**ACTION ITEM:** Set down the material exactly, keeping every line whole.
========================================
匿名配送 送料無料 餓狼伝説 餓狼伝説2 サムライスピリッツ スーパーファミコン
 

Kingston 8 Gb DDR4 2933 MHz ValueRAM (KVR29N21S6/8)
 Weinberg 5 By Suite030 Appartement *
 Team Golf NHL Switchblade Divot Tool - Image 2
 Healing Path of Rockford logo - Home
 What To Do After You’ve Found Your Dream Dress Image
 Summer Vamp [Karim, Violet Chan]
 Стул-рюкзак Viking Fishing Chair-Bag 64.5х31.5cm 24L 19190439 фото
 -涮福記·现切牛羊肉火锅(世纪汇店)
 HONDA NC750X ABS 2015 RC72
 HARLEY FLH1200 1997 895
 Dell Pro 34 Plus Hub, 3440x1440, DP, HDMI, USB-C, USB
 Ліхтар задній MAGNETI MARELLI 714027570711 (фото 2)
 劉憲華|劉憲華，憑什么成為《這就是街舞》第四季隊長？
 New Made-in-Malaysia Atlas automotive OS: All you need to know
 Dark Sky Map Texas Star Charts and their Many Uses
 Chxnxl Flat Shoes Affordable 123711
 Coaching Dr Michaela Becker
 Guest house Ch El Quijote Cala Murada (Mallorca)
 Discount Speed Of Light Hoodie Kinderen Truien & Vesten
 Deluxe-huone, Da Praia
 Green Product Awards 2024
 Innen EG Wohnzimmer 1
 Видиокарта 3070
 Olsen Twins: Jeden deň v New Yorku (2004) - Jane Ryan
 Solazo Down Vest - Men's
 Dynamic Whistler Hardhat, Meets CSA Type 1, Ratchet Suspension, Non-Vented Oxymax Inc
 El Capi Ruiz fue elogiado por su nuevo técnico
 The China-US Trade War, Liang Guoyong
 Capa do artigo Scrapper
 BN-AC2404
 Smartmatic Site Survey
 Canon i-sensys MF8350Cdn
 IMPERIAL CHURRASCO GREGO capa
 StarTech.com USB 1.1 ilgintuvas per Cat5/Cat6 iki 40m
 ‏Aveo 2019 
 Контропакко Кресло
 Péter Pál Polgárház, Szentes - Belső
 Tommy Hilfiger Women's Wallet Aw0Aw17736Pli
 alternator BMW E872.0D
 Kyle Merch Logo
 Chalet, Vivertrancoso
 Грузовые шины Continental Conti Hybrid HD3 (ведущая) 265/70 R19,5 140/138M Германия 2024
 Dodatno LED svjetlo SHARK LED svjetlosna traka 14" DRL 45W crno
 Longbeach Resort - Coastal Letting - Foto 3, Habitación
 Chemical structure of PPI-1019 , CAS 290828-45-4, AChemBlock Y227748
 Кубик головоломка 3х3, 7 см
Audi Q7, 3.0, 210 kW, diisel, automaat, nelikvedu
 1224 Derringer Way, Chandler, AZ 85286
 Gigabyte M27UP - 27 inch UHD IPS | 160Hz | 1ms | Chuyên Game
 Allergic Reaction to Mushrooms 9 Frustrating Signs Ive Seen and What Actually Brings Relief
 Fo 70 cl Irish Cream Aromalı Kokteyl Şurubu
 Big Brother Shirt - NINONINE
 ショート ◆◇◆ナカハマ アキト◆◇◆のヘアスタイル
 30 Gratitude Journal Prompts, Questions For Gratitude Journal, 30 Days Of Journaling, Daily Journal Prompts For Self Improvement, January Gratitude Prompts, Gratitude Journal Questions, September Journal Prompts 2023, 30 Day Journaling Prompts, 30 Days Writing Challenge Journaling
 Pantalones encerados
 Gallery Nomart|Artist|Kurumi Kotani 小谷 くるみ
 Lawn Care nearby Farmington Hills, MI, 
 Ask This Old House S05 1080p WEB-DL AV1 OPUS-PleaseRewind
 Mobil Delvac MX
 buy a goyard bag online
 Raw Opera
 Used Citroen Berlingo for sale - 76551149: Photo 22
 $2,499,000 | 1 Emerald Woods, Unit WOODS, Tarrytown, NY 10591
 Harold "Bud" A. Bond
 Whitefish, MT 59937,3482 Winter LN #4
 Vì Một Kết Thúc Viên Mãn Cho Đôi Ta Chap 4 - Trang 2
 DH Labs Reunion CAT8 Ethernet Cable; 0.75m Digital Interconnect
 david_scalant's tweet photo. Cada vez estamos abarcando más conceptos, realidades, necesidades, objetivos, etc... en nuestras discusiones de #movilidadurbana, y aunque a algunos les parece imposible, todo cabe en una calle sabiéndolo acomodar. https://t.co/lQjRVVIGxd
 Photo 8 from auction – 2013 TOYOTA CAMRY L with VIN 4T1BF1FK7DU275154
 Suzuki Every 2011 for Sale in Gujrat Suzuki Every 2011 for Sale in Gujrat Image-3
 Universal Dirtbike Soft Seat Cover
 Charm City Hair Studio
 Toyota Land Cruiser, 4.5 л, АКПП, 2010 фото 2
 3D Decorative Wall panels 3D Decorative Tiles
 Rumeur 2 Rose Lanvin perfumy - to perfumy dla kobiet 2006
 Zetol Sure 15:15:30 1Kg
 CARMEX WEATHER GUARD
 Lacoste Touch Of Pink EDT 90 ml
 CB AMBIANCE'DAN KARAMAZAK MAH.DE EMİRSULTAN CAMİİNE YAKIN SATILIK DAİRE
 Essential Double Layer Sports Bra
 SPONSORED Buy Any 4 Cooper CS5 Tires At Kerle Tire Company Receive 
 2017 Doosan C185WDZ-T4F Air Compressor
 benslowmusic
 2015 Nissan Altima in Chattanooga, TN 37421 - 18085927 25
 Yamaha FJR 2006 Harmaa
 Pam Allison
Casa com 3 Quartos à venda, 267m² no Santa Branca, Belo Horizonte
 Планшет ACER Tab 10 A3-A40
========================================
**REPLY:**
匿名配送 送料無料 餓狼伝説 餓狼伝説2 サムライスピリッツ スーパーファミコン
 

Kingston 8 Gb DDR4 2933 MHz ValueRAM (KVR29N21S6/8)
 Weinberg 5 By Suite030 Appartement *
 Team Golf NHL Switchblade Divot Tool - Image 2
 Healing Path of Rockford logo - Home
 What To Do After You’ve Found Your Dream Dress Image
 Summer Vamp [Karim, Violet Chan]
 Стул-рюкзак Viking Fishing Chair-Bag 64.5х31.5cm 24L 19190439 фото
 -涮福記·现切牛羊肉火锅(世纪汇店)
 HONDA NC750X ABS 2015 RC72
 HARLEY FLH1200 1997 895
 Dell Pro 34 Plus Hub, 3440x1440, DP, HDMI, USB-C, USB
 Ліхтар задній MAGNETI MARELLI 714027570711 (фото 2)
 劉憲華|劉憲華，憑什么成為《這就是街舞》第四季隊長？
 New Made-in-Malaysia Atlas automotive OS: All you need to know
 Dark Sky Map Texas Star Charts and their Many Uses
 Chxnxl Flat Shoes Affordable 123711
 Coaching Dr Michaela Becker
 Guest house Ch El Quijote Cala Murada (Mallorca)
 Discount Speed Of Light Hoodie Kinderen Truien & Vesten
 Deluxe-huone, Da Praia
 Green Product Awards 2024
 Innen EG Wohnzimmer 1
 Видиокарта 3070
 Olsen Twins: Jeden deň v New Yorku (2004) - Jane Ryan
 Solazo Down Vest - Men's
 Dynamic Whistler Hardhat, Meets CSA Type 1, Ratchet Suspension, Non-Vented Oxymax Inc
 El Capi Ruiz fue elogiado por su nuevo técnico
 The China-US Trade War, Liang Guoyong
 Capa do artigo Scrapper
 BN-AC2404
 Smartmatic Site Survey
 Canon i-sensys MF8350Cdn
 IMPERIAL CHURRASCO GREGO capa
 StarTech.com USB 1.1 ilgintuvas per Cat5/Cat6 iki 40m
 ‏Aveo 2019 
 Контропакко Кресло
 Péter Pál Polgárház, Szentes - Belső
 Tommy Hilfiger Women's Wallet Aw0Aw17736Pli
 alternator BMW E872.0D
 Kyle Merch Logo
 Chalet, Vivertrancoso
 Грузовые шины Continental Conti Hybrid HD3 (ведущая) 265/70 R19,5 140/138M Германия 2024
 Dodatno LED svjetlo SHARK LED svjetlosna traka 14" DRL 45W crno
 Longbeach Resort - Coastal Letting - Foto 3, Habitación
 Chemical structure of PPI-1019 , CAS 290828-45-4, AChemBlock Y227748
 Кубик головоломка 3х3, 7 см
Audi Q7, 3.0, 210 kW, diisel, automaat, nelikvedu
 1224 Derringer Way, Chandler, AZ 85286
 Gigabyte M27UP - 27 inch UHD IPS | 160Hz | 1ms | Chuyên Game
 Allergic Reaction to Mushrooms 9 Frustrating Signs Ive Seen and What Actually Brings Relief
 Fo 70 cl Irish Cream Aromalı Kokteyl Şurubu
 Big Brother Shirt - NINONINE
 ショート ◆◇◆ナカハマ アキト◆◇◆のヘアスタイル
 30 Gratitude Journal Prompts, Questions For Gratitude Journal, 30 Days Of Journaling, Daily Journal Prompts For Self Improvement, January Gratitude Prompts, Gratitude Journal Questions, September Journal Prompts 2023, 30 Day Journaling Prompts, 30 Days Writing Challenge Journaling
 Pantalones encerados
 Gallery Nomart|Artist|Kurumi Kotani 小谷 くるみ
 Lawn Care nearby Farmington Hills, MI, 
 Ask This Old House S05 1080p WEB-DL AV1 OPUS-PleaseRewind
 Mobil Delvac MX
 buy a goyard bag online
 Raw Opera
 Used Citroen Berlingo for sale - 76551149: Photo 22
 $2,499,000 | 1 Emerald Woods, Unit WOODS, Tarrytown, NY 10591
 Harold "Bud" A. Bond
 Whitefish, MT 59937,3482 Winter LN #4
 Vì Một Kết Thúc Viên Mãn Cho Đôi Ta Chap 4 - Trang 2
 DH Labs Reunion CAT8 Ethernet Cable; 0.75m Digital Interconnect
 david_scalant's tweet photo. Cada vez estamos abarcando más conceptos, realidades, necesidades, objetivos, etc... en nuestras discusiones de #movilidadurbana, y aunque a algunos les parece imposible, todo cabe en una calle sabiéndolo acomodar. https://t.co/lQjRVVIGxd
 Photo 8 from auction – 2013 TOYOTA CAMRY L with VIN 4T1BF1FK7DU275154
 Suzuki Every 2011 for Sale in Gujrat Suzuki Every 2011 for Sale in Gujrat Image-3
 Universal Dirtbike Soft Seat Cover
 Charm City Hair Studio
 Toyota Land Cruiser, 4.5 л, АКПП, 2010 фото 2
 3D Decorative Wall panels 3D Decorative Tiles
 Rumeur 2 Rose Lanvin perfumy - to perfumy dla kobiet 2006
 Zetol Sure 15:15:30 1Kg
 CARMEX WEATHER GUARD
 Lacoste Touch Of Pink EDT 90 ml
 CB AMBIANCE'DAN KARAMAZAK MAH.DE EMİRSULTAN CAMİİNE YAKIN SATILIK DAİRE
 Essential Double Layer Sports Bra
 SPONSORED Buy Any 4 Cooper CS5 Tires At Kerle Tire Company Receive 
 2017 Doosan C185WDZ-T4F Air Compressor
 benslowmusic
 2015 Nissan Altima in Chattanooga, TN 37421 - 18085927 25
 Yamaha FJR 2006 Harmaa
 Pam Allison
Casa com 3 Quartos à venda, 267m² no Santa Branca, Belo Horizonte
 Планшет ACER Tab 10 A3-A40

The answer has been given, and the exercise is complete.